▶ **THE PROBLEM**: Print word for word whatever lies between the first line of the material and the line holding "春风得意红米肠粉-囍凤楼·粤菜·点心·火锅(温特莱店)", both included, and omit all pictures.

▶ **RECORD EXTRACTS**:
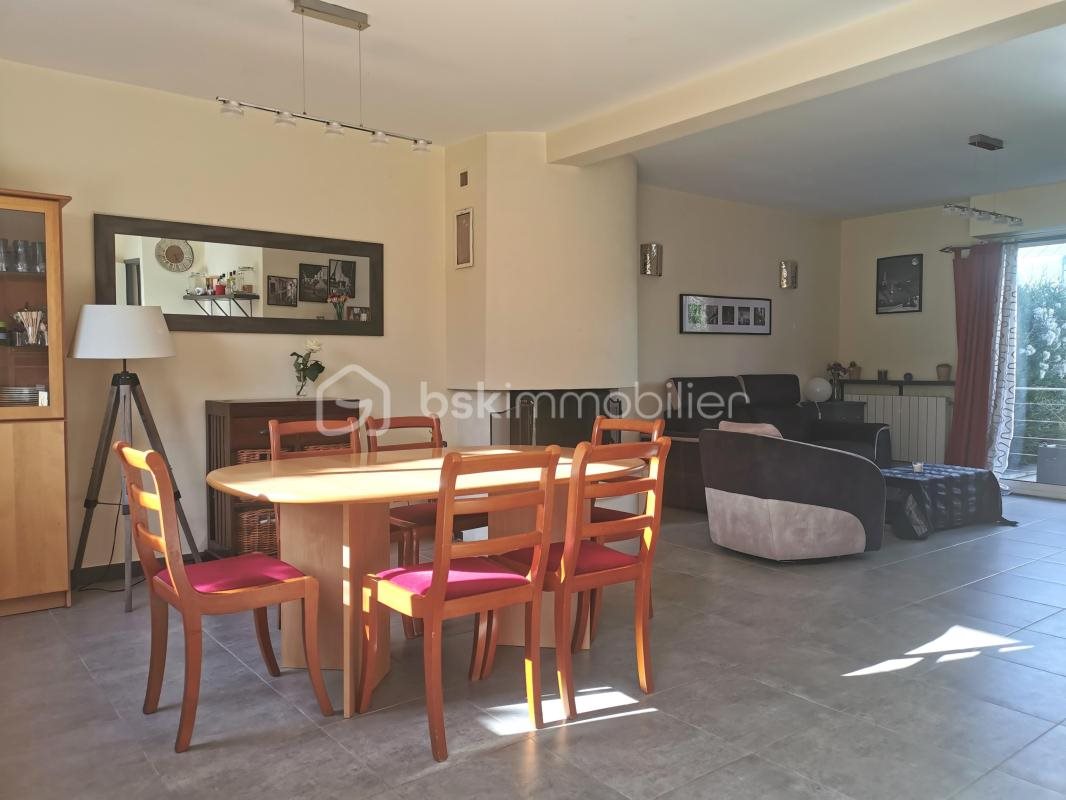 Maison à vendre, 130m², Sannois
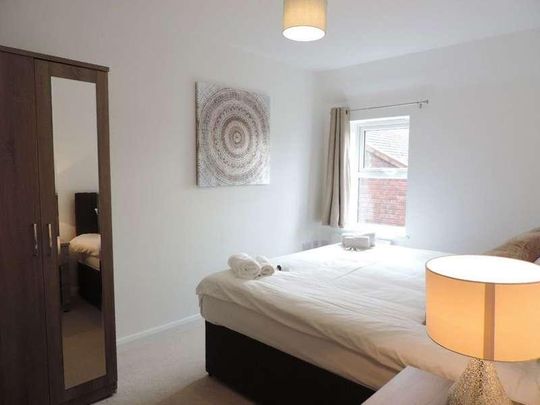 Park House, Park Road, Peterborough, PE1 - Photo 1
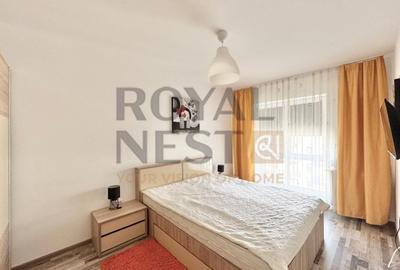 Apartament cu 2 camere decomandat în Avantgarden - 7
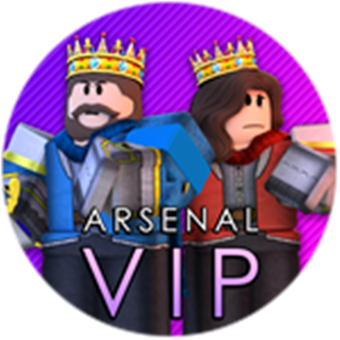Arsenal Free Vip Server Link 2020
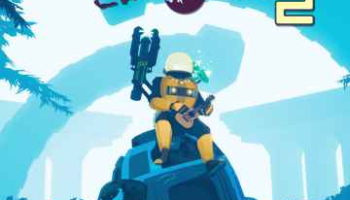 Risk of Rain 2 Free Download Latest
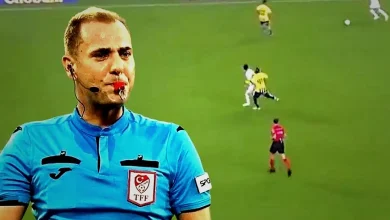 fenerbahce alanyaspor macinin cok konusulan durumuna trio noktayi koydu cok kotu bir hata wa4fZ5rH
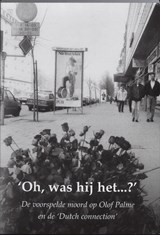 Oh, was hij het...? - SPRINGER, E.G. - 9789081027717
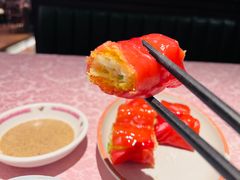 春风得意红米肠粉-囍凤楼·粤菜·点心·火锅(温特莱店)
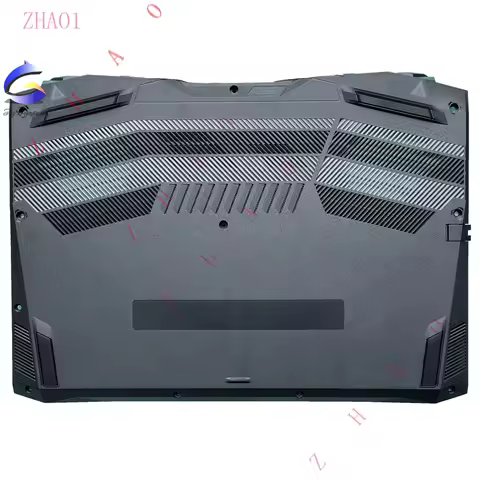 Z New For Acer Nitro 5 AN515-55 AN515-44 AN515-56 57 Bottom Cover Lower Base Case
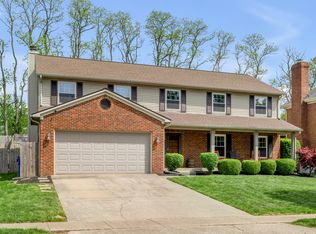 1445 Corona Dr, Lexington, KY 40514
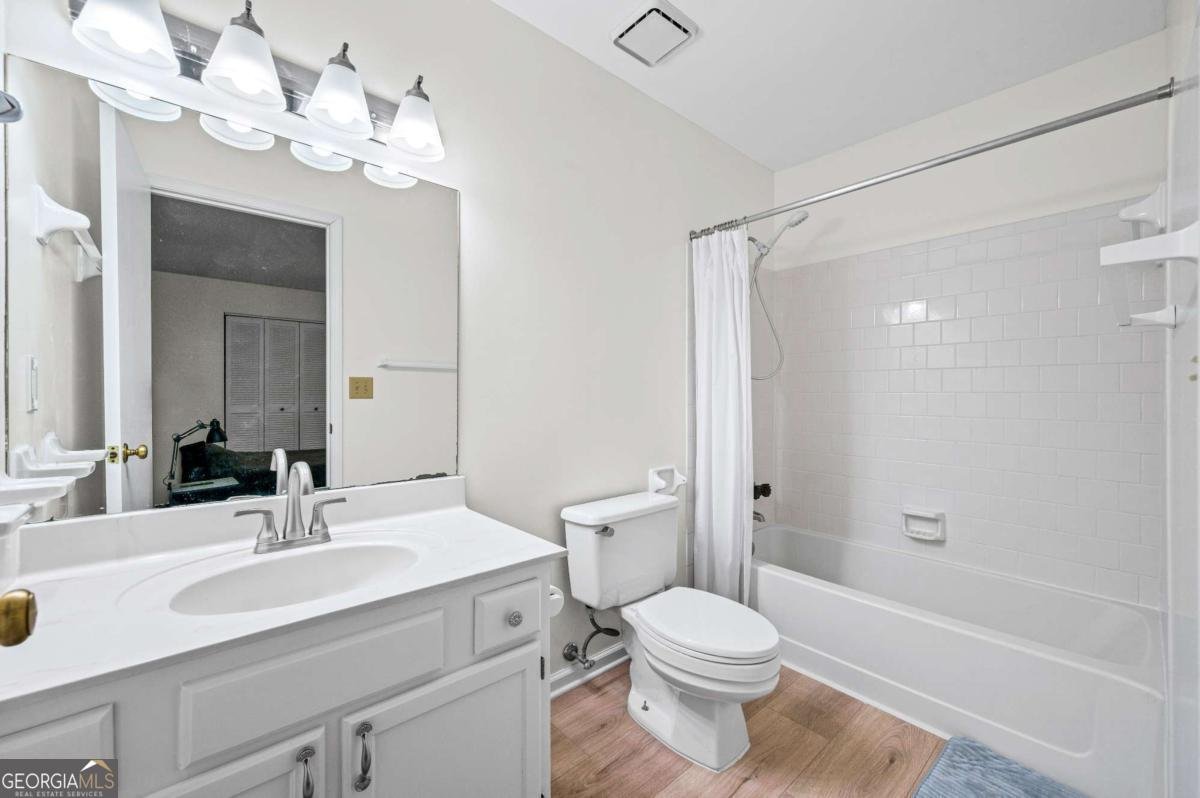 260 Toweridge Drive Marietta - Photo 16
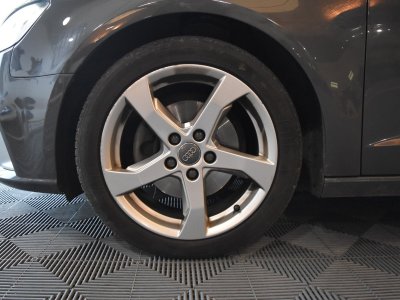 Audi A3 Sportback 20 TDI 150 S tronic 6 Design Luxe   - 27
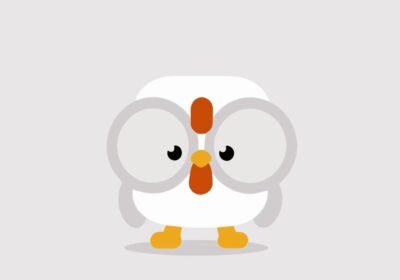 Clucky Alarm App Uses Rooster Calls and Challenges to Stop Snoozing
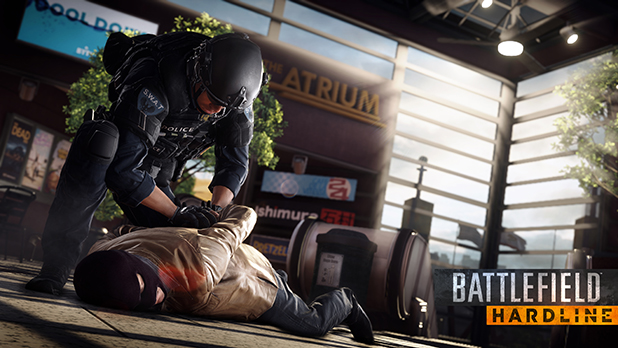 BFH:「発売日は2015年2月、次回ベータは1月」 Viceral Gamesが発言か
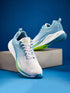EXPRESS White Men's Running Shoes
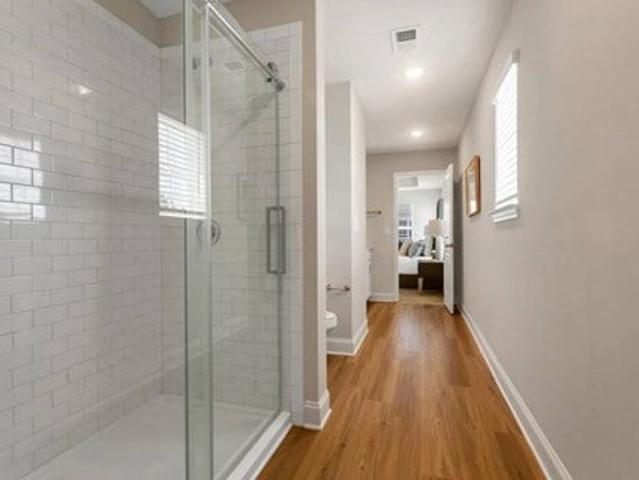 Townhouse for rent in Lawrenceville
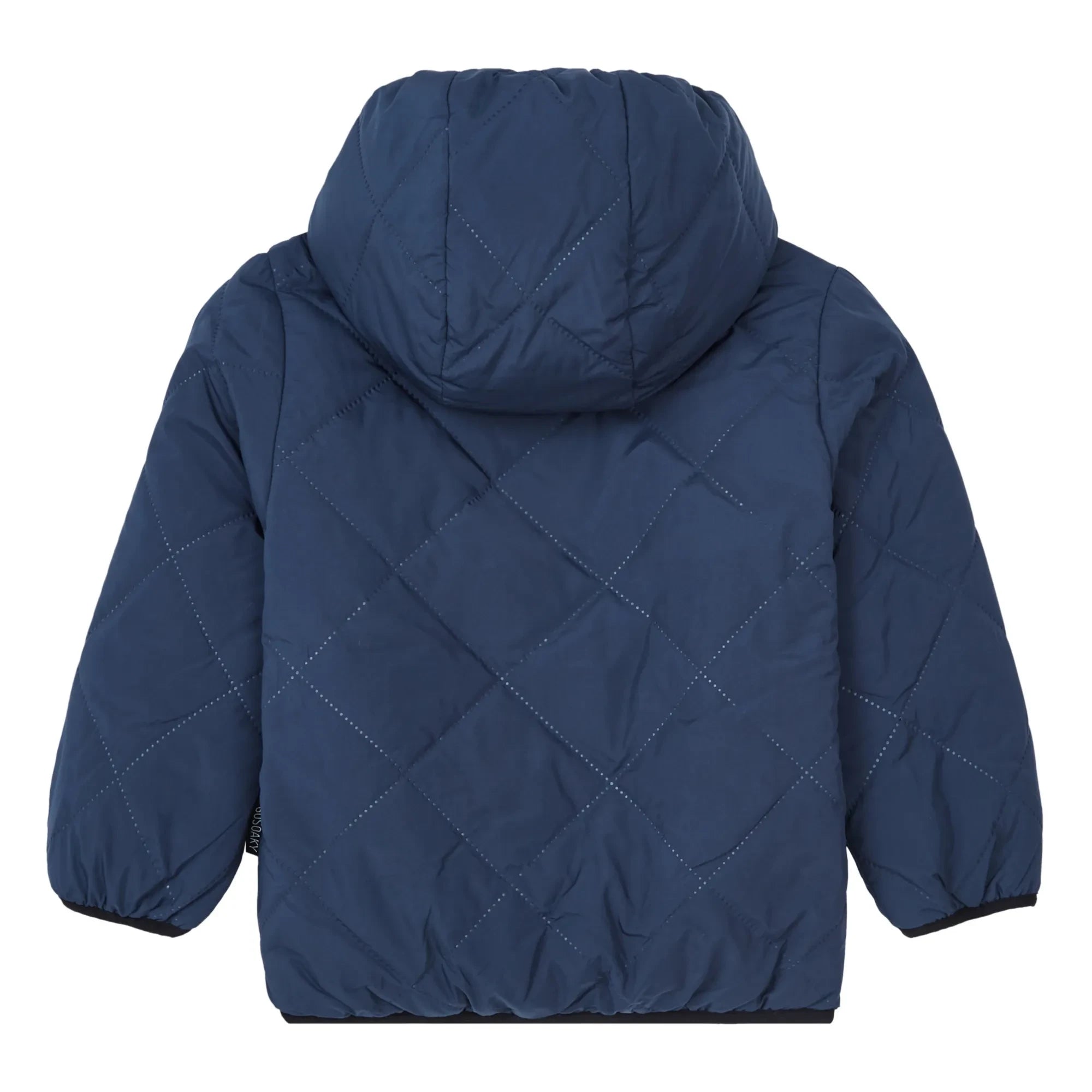 Gosoaky - Baby Shark Jacket | Navy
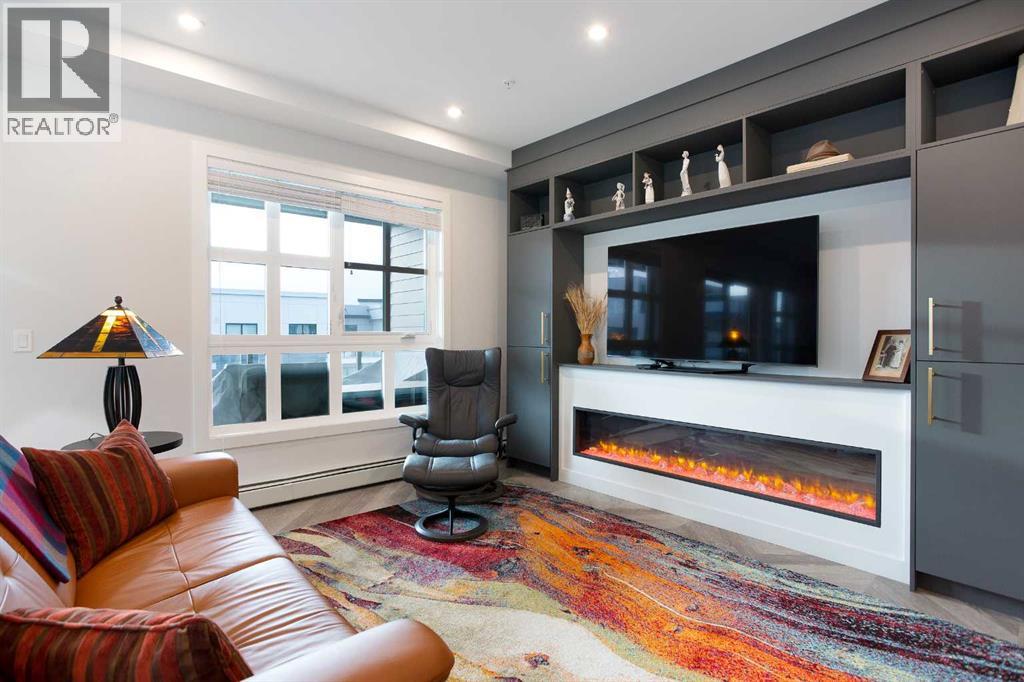 401, 4275 Norford Avenue Nw, Calgary, Alberta  T3B 6M2 - Photo 14 - A2283945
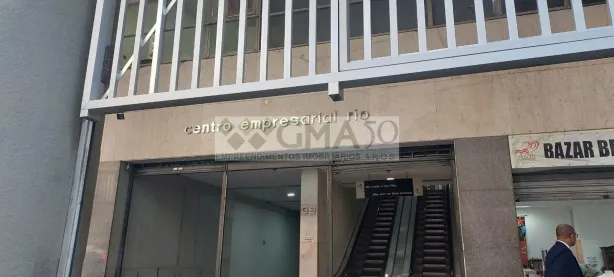 Ponto Comercial para alugar, 97m² no Centro, Rio de Janeiro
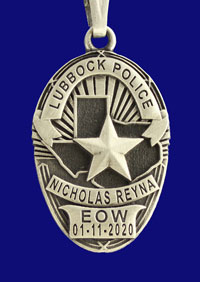 EOW 1-11-2020<br/>Nicholas Reyna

▶ **REPLY TO THE EXERCISE**:
 Maison à vendre, 130m², Sannois
 Park House, Park Road, Peterborough, PE1 - Photo 1
 Apartament cu 2 camere decomandat în Avantgarden - 7
Arsenal Free Vip Server Link 2020
 Risk of Rain 2 Free Download Latest
 fenerbahce alanyaspor macinin cok konusulan durumuna trio noktayi koydu cok kotu bir hata wa4fZ5rH
 Oh, was hij het...? - SPRINGER, E.G. - 9789081027717
 春风得意红米肠粉-囍凤楼·粤菜·点心·火锅(温特莱店)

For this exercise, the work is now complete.